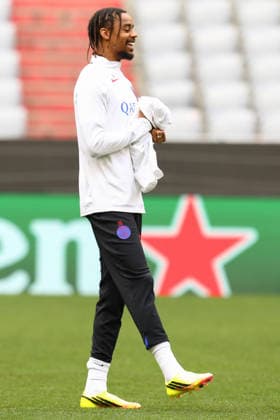 May 5, 2026, Munich, Bavaria, Germany: BRADLEY BARCOLA of Paris Saint-Germain during the last training session ahead of the UEFA Champions League 2025 26 Semi-final Leg 2 game against Bayern Munich at the Allianz Arena in Munich, Germany. Munich Germany - ZUMAc179 20260505_zep_c179_081 Copyright: xMickaelxChavetx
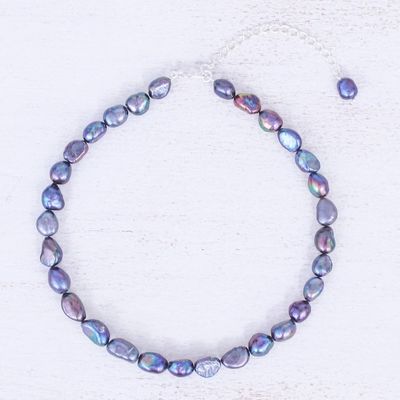 Alternate image for Blue Cultured Pearl and Sterling Silver Choker Necklace Mermaid Gem in Peacock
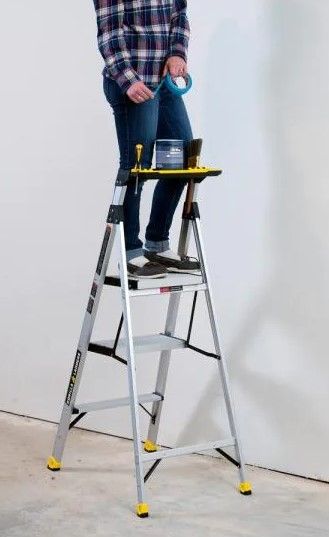 Photo 1 of (SCRATCHES; TINY LEG DENT)
4.5 ft. Aluminum Dual Platform Ladder with Tray (9 ft. Reach), 250 lb. Load Capacity Type I Duty Rating
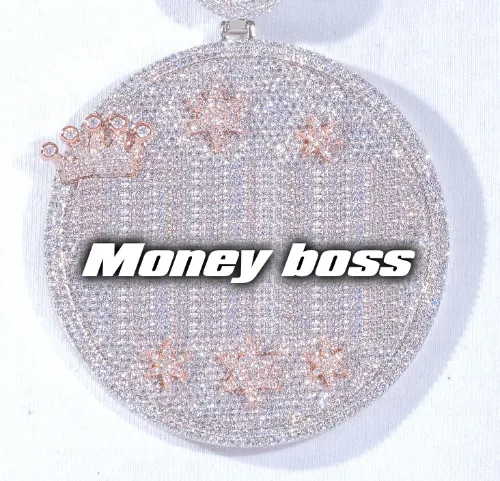 CUSTOM LETTER NECKLACE 3D BIG CROWN DISC sold by The GUU Shop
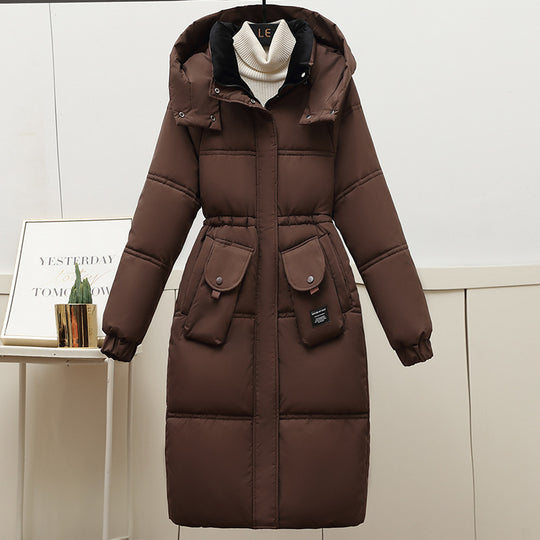 Damen Lange Pufferjacke mit abnehmbarer Kapuze und großen Taschen EB
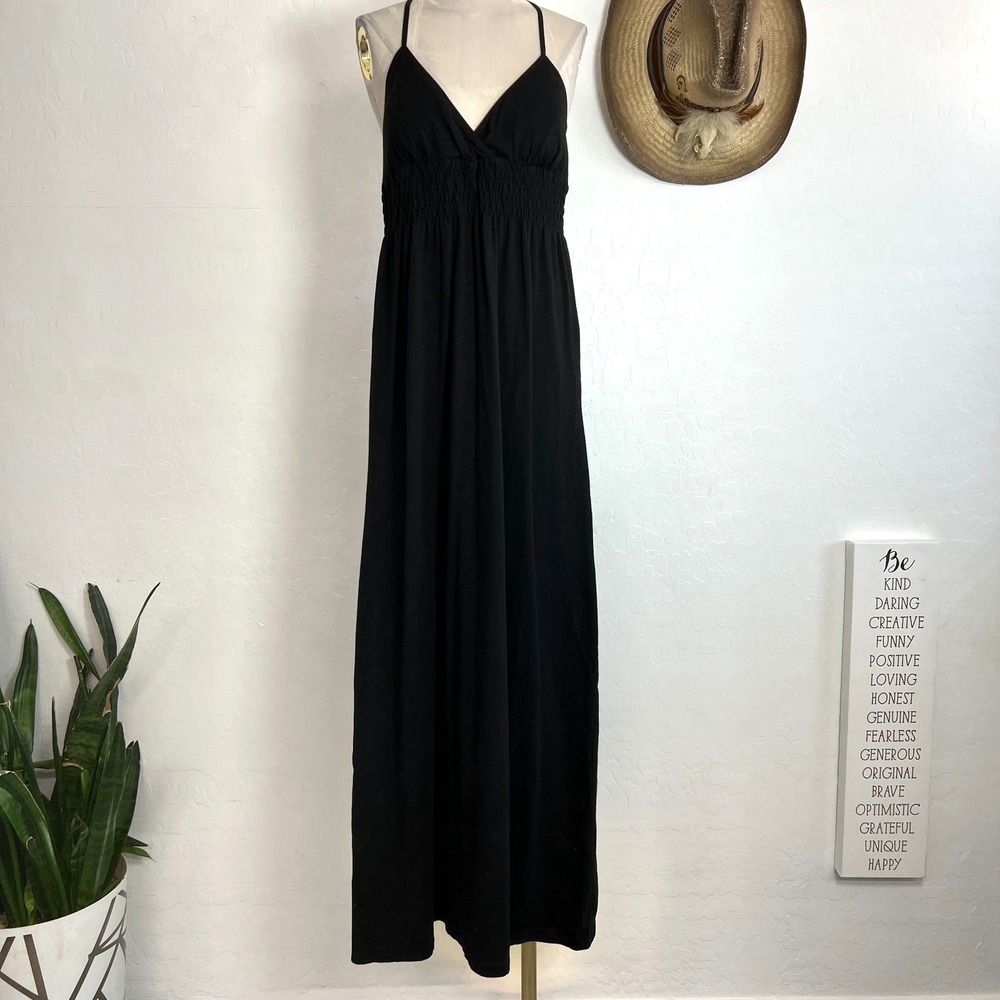 Energie Black Smocked Maxi Sun Dress Halter V-Neck Empire Waist Cotton Large L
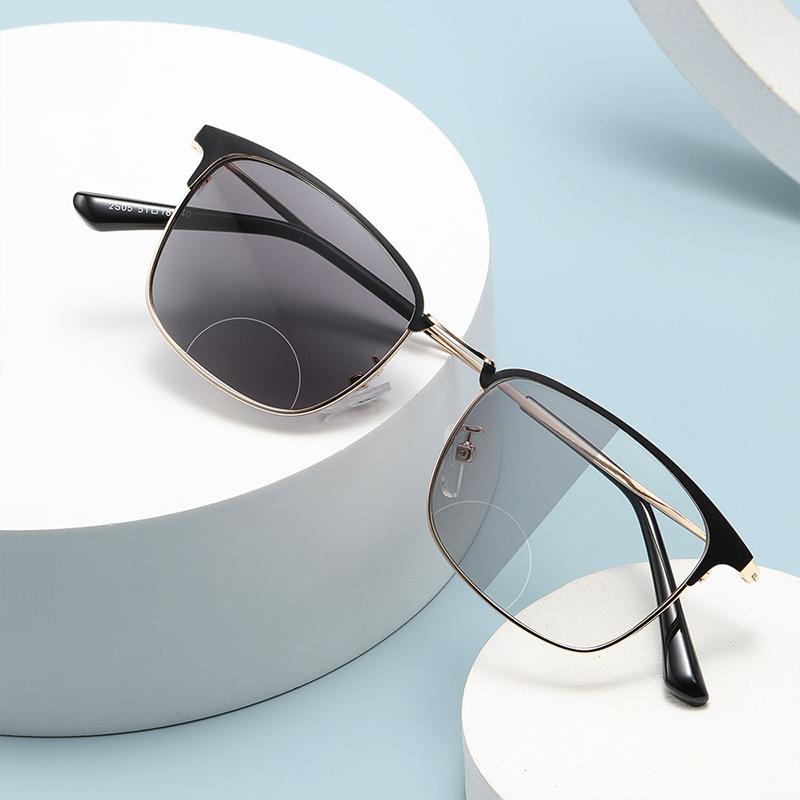 Double Light Discoloration Far And Near Reading Glasses Anti-Blue Business Men'S Metal Frame High Definition Reading Mirror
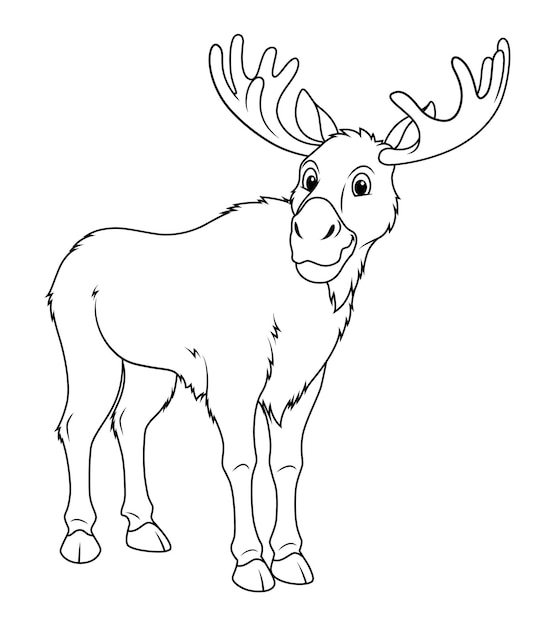 Vector moose cartoon animal illustration bw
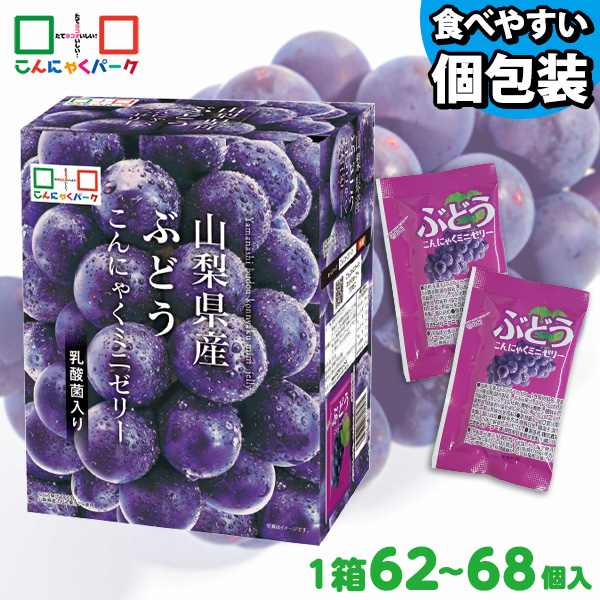 今ならラスクプレゼント！ こんにゃくゼリー ひとくち蒟蒻ゼリー こんにゃくパーク 山梨 ぶどう こんにゃくミニゼリー フルーツBOX パウチ 大容量 業務用 個包装タイプ ダイエット食品 蒟蒻 ゼリー ヨコオデイリーフーズ (1箱1000g・約62～68個入 ×1箱)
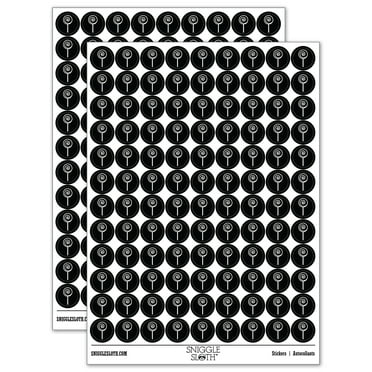 Yummy Lollipop 200+ Round Stickers - Black - Gloss Finish - 0.50" Size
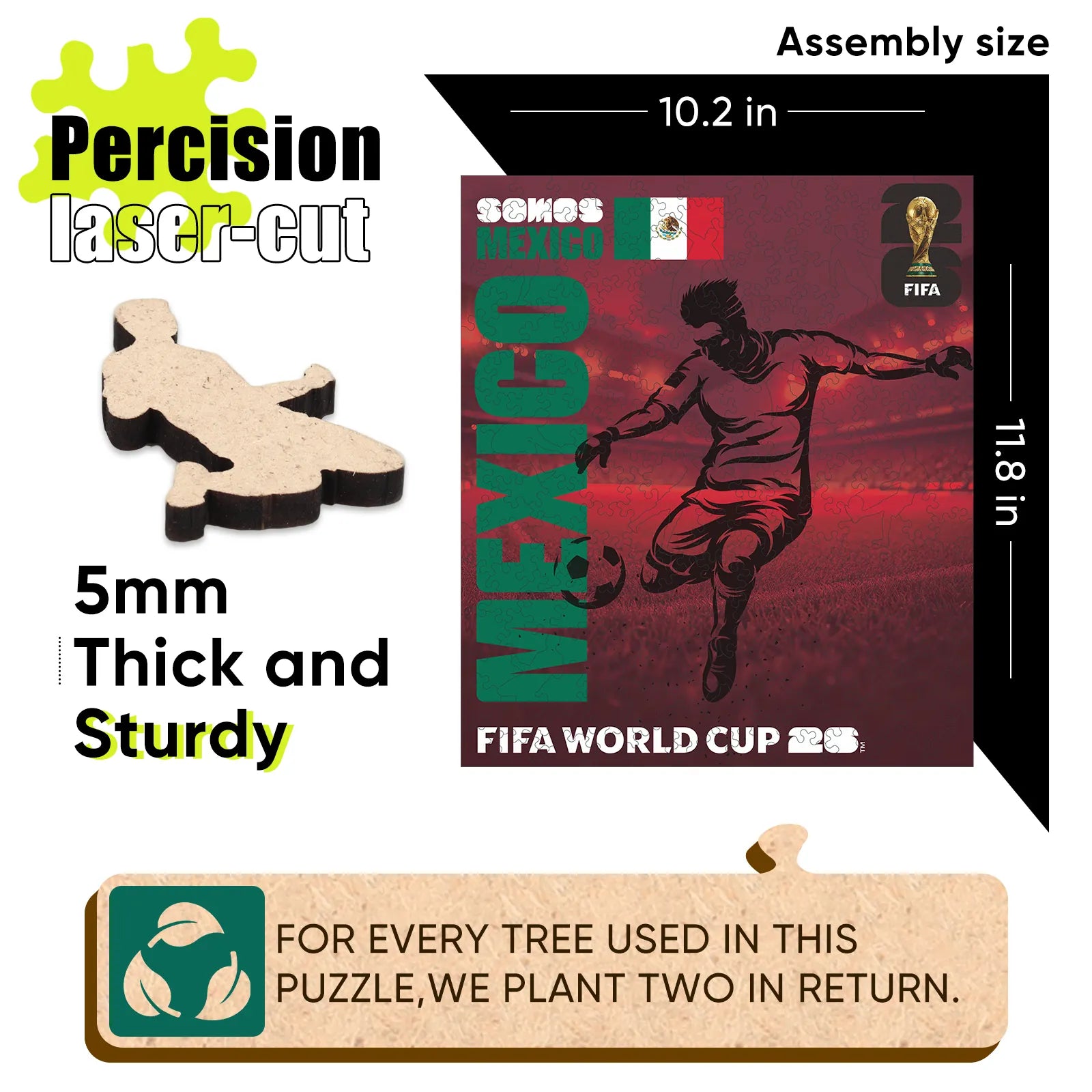 Wooden jigsaw puzzle gift – FIFA World Cup 2026 We Are Mexico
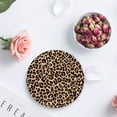 thumbnail image 4 of FMSHPON Leopard Print Set of 8 Round Coaster for Drinks, Absorbent Ceramic Stone Coasters Cup Mat with Cork Base for Home Kitchen Room Coffee Table Bar Decor, 4 of 6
--
▶ _Task item_: The listing is to be repeated word for word, with all pictures omitted.

▶ _The completed task_:
 May 5, 2026, Munich, Bavaria, Germany: BRADLEY BARCOLA of Paris Saint-Germain during the last training session ahead of the UEFA Champions League 2025 26 Semi-final Leg 2 game against Bayern Munich at the Allianz Arena in Munich, Germany. Munich Germany - ZUMAc179 20260505_zep_c179_081 Copyright: xMickaelxChavetx
 Alternate image for Blue Cultured Pearl and Sterling Silver Choker Necklace Mermaid Gem in Peacock
 Photo 1 of (SCRATCHES; TINY LEG DENT)
4.5 ft. Aluminum Dual Platform Ladder with Tray (9 ft. Reach), 250 lb. Load Capacity Type I Duty Rating
 CUSTOM LETTER NECKLACE 3D BIG CROWN DISC sold by The GUU Shop
 Damen Lange Pufferjacke mit abnehmbarer Kapuze und großen Taschen EB
 Energie Black Smocked Maxi Sun Dress Halter V-Neck Empire Waist Cotton Large L
 Double Light Discoloration Far And Near Reading Glasses Anti-Blue Business Men'S Metal Frame High Definition Reading Mirror
 Vector moose cartoon animal illustration bw
 今ならラスクプレゼント！ こんにゃくゼリー ひとくち蒟蒻ゼリー こんにゃくパーク 山梨 ぶどう こんにゃくミニゼリー フルーツBOX パウチ 大容量 業務用 個包装タイプ ダイエット食品 蒟蒻 ゼリー ヨコオデイリーフーズ (1箱1000g・約62～68個入 ×1箱)
 Yummy Lollipop 200+ Round Stickers - Black - Gloss Finish - 0.50" Size
 Wooden jigsaw puzzle gift – FIFA World Cup 2026 We Are Mexico
 thumbnail image 4 of FMSHPON Leopard Print Set of 8 Round Coaster for Drinks, Absorbent Ceramic Stone Coasters Cup Mat with Cork Base for Home Kitchen Room Coffee Table Bar Decor, 4 of 6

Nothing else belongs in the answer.